SPEAKER_00And but the important part was is that it's not nothing is black or white, right? And this is just something that I've just started to learn. Like, you know what I mean? I I'm I'm I'm just figuring this out and and having this conversation openly in therapy where I'm having this this idea that there there's like a space in between, right? Like, I've gone so much of my life where it's like, no, it has to be this or it has to be that. It cannot it's not it can't be it can't be sort of clean. It needs to be fucking pristine or it needs to be disgustingly dirty. Let's figure out where we're gonna live. What kind of people are we? You know, and it's like it's just you can't live your life like that. You drive yourself fucking crazy. And I know I drove you crazy, um, trying to get you to be something that you could never be. And it's not that not that you're not, you're not a dirty person by any stretch of the imagination. You were just make sure you let your podcast know that. No, you're but you're not. You're not, you really are. And you at one time you were. I mean, sure, when you were fucking 19, you were a disaster.

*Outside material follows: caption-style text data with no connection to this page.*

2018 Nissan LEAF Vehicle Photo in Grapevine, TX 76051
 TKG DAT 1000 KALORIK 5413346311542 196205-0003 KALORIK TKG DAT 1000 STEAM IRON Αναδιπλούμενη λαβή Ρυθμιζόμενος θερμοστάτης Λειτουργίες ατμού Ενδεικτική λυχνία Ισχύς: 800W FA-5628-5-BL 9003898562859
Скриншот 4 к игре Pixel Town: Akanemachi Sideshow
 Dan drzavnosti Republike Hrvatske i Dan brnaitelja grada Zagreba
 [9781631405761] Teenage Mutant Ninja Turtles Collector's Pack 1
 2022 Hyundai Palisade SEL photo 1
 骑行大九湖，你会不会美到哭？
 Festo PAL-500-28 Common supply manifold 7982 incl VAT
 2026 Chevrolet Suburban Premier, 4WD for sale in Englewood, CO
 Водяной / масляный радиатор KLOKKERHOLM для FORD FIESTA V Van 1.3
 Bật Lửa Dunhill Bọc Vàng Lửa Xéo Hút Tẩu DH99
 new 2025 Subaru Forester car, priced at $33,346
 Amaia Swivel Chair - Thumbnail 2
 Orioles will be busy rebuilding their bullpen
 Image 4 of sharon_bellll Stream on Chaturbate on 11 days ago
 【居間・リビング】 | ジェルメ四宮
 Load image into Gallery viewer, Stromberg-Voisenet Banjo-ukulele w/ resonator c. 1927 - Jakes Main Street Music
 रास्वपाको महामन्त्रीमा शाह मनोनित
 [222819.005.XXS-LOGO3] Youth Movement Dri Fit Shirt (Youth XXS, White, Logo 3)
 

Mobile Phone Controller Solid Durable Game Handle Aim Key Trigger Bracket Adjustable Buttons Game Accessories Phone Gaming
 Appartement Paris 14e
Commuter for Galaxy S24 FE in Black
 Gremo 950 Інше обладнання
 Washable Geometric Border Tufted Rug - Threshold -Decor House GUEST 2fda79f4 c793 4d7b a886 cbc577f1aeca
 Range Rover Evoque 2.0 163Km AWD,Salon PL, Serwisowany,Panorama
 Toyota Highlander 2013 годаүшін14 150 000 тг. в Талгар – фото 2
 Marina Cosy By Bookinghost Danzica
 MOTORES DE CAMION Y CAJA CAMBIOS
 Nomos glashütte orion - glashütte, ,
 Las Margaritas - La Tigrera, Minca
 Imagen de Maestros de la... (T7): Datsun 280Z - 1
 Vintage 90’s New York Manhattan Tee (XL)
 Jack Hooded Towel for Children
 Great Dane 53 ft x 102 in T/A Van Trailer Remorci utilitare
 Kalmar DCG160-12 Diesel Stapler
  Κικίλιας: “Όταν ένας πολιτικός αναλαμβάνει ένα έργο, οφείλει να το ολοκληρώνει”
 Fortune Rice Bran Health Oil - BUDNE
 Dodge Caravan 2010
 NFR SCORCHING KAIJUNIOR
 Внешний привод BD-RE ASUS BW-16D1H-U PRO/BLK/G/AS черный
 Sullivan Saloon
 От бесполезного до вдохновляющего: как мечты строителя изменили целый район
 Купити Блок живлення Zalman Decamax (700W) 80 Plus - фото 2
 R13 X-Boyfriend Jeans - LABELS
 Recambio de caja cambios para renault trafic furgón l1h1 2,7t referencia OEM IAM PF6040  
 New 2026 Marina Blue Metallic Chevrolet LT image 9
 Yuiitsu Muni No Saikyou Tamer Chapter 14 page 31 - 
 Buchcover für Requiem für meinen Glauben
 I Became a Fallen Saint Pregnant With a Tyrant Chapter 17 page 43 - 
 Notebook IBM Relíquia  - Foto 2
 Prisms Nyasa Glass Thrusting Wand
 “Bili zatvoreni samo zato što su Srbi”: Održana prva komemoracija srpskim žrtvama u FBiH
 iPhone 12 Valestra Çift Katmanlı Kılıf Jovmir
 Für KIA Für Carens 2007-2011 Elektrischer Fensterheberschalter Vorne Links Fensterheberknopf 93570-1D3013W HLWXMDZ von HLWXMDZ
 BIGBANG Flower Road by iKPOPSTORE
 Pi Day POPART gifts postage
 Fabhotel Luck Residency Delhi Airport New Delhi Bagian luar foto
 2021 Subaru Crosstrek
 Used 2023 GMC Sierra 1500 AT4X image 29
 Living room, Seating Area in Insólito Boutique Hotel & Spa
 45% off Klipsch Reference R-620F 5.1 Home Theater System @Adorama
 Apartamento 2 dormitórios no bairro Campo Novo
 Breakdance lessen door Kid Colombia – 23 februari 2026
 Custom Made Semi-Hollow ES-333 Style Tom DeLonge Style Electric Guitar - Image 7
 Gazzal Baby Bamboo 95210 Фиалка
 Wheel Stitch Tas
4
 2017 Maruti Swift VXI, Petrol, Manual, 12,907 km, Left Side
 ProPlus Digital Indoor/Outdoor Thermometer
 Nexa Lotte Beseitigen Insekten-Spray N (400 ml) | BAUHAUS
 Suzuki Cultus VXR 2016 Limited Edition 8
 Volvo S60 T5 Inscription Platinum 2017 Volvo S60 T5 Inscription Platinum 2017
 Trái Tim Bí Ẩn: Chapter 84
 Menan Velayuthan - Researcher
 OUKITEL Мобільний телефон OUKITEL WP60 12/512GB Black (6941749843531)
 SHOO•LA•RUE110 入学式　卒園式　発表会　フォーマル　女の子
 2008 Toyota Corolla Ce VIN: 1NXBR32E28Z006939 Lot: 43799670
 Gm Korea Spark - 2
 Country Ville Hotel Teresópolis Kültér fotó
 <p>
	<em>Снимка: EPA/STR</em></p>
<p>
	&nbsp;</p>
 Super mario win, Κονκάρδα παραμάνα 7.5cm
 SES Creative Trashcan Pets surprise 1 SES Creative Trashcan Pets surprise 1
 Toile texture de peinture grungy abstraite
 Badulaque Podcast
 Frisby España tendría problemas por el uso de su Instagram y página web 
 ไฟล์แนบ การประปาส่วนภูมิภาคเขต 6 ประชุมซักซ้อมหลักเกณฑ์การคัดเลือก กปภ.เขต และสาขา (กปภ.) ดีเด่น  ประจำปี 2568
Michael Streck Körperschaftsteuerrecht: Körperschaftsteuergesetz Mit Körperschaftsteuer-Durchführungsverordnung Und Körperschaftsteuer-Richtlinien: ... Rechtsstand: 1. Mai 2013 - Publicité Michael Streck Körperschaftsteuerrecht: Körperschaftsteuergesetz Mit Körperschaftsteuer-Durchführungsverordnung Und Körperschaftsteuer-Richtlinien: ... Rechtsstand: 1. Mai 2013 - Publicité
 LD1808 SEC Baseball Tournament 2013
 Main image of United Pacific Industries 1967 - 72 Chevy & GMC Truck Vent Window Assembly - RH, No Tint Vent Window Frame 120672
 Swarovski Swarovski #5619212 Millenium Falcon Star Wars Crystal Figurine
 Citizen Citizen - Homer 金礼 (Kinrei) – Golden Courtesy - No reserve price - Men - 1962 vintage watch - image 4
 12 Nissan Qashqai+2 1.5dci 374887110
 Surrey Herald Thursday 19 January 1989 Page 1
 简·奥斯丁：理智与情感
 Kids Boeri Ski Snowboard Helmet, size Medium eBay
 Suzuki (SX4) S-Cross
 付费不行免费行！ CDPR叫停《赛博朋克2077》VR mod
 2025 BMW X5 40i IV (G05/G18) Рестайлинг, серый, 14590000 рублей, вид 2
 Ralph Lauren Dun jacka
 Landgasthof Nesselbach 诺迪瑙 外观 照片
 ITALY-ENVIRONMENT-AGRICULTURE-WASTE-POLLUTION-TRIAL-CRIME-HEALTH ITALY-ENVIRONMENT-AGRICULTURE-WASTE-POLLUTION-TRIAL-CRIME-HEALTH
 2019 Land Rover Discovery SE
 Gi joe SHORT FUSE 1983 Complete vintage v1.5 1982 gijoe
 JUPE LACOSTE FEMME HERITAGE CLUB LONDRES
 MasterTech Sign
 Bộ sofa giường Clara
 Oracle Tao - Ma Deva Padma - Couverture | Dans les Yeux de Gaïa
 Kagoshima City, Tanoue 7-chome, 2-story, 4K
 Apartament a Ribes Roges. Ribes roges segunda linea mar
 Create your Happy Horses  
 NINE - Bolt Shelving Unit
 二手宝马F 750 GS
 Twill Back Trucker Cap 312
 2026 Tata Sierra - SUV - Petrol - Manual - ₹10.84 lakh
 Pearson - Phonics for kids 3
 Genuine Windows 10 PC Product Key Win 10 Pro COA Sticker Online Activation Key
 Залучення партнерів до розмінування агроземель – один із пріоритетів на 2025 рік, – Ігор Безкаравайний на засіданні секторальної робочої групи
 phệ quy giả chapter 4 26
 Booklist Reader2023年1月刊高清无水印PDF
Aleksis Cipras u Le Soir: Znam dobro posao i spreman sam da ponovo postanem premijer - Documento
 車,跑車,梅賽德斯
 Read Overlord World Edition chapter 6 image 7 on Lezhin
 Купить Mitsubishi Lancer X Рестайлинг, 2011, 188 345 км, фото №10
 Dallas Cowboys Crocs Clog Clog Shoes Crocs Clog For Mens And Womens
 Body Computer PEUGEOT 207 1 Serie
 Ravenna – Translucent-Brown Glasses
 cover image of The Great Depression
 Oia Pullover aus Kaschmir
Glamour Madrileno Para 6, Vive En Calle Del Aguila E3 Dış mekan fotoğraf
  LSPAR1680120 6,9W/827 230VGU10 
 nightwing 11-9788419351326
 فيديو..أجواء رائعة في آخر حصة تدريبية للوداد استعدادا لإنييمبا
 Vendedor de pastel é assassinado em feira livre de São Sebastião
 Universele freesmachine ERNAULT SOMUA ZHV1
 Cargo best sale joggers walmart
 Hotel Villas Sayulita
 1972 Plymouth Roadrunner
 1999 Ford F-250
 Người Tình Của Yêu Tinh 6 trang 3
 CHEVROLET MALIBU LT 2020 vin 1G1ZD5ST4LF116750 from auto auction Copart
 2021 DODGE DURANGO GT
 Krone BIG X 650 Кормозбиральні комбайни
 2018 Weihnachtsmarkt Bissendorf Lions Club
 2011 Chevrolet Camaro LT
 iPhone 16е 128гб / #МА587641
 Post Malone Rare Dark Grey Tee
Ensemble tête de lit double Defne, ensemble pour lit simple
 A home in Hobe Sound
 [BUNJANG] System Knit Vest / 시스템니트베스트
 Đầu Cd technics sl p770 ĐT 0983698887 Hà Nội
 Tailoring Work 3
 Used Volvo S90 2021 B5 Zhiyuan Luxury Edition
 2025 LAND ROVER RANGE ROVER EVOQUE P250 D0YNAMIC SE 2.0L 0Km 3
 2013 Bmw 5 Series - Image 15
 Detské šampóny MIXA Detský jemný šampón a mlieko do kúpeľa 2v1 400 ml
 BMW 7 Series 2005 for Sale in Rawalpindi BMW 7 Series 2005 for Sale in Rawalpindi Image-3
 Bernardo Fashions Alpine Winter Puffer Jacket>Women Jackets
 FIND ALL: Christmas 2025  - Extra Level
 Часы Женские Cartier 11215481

SPEAKER_01But yeah, so was literally we were teenagers.
SPEAKER_00Right. I was a fucking disaster too. And but, you know, as you grow together, like uh we I just said this to you uh was it like three days ago? I I don't think we've had that argument in years, you know, like that used to be like a huge point of contention, and now it is just not even it's not even in in the sphere of arguments that we have.
SPEAKER_01I think we've just settled into a really nice place where we kind of like tempered each other.
SPEAKER_00Yeah, I I we figured out how to live together, but I think figuring out how to live together is a lot of that is having really really deep and really hard conversations. And I know for me, and I can only speak for myself, I didn't have growing up um the ability or or the the know-how or the lessons to clearly express myself. I express myself through anger and things like that, and I I allow things to boil up until until the water goes over the top and hits the fucking top of the oven and everything's on fire, and you know, that's where I'm at. Like I'm I'm like, whoa, what the fuck is going on? I can't believe it got to this point. It's like idiot, you allowed it to get to that fucking point, it's why it's here, you know, and I've gotten better at that, and I've gotten better at having conversations with you, but also I've had to do a lot of work personally at how to communicate with you, you know, like how to, and I think for for the men that are listening to this, you know, it's a solid investment to learn how to talk to a woman. You may find that you two could have a long relationship if you just invest in learning how to talk to a woman or learning how to, you know, how to give a shit about what a woman wants other than what you want. Like, you know, I I have this conversation and I I I I don't want to make you feel uncomfortable, but like men are like obsessed with women being submissive, and it's like if you want a a woman to be even mildly submissive, you know, you can start by being nice to her.
SPEAKER_01I mean, you know, here's the thing is like, uh yeah, no. If your goal is to get a woman to submit to you, like, good luck.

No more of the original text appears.